BGH Beschluss v. - IX ZB 257/05

Leitsatz

[1] Zum Antrag auf Wiederaufnahme eines Insolvenzeröffnungsverfahrens über das Vermögen einer GmbH wegen Fehlens eines gesetzlichen Vertreters.

Gesetze: ZPO § 578; ZPO § 579 Nr. 4; InsO § 4

Instanzenzug: AG München 232 C 35061/04 vom LG München I 14 T 21189/04 vom

Gründe

I.

Der weitere Beteiligte beantragte am die Eröffnung des Insolvenzverfahrens über das Vermögen der Schuldnerin. Als Geschäftsführerin der Schuldnerin war zu diesem Zeitpunkt W. im Handelsregister eingetragen. Der weitere Beteiligte war (und ist) zugleich Gesellschafter der Schuldnerin und mit den übrigen Gesellschaftern zerstritten. Er hatte Anfechtungs- und Nichtigkeitsklage gegen den Gesellschafterbeschluss über die Bestellung der W. erhoben. Die Klage hatte Erfolg. Mit Urteil vom stellte das Landgericht München I die Nichtigkeit des Beschlusses fest. Eine Nichtigkeitsklage gegen einen weiteren Gesellschafterbeschluss vom über die erneute Bestellung der W. hatte ebenfalls Erfolg (Urteil des LG München I vom ).

Am wies das Insolvenzgericht den Antrag mangels einer die Kosten des Verfahrens deckenden Masse ab.

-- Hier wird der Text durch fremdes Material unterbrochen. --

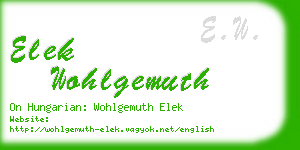 elek wohlgemuth business card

Rechtsanwalt Wa. , ein weiterer Gesellschafter der Schuldnerin, legte eine von W. unterzeichnete Verfahrensvollmacht vor und erhob sofortige Beschwerde. Am bestellten die Gesellschafter der Schuldnerin W. und B. zu Geschäftsführerinnen. Mit Urteil des Landgerichts München I vom wurde die Nichtigkeit auch dieses Beschlusses festgestellt. Am wurde die sofortige Beschwerde der Schuldnerin als unbegründet zurückgewiesen. Der Beschluss wurde Rechtsanwalt Wa. zugestellt.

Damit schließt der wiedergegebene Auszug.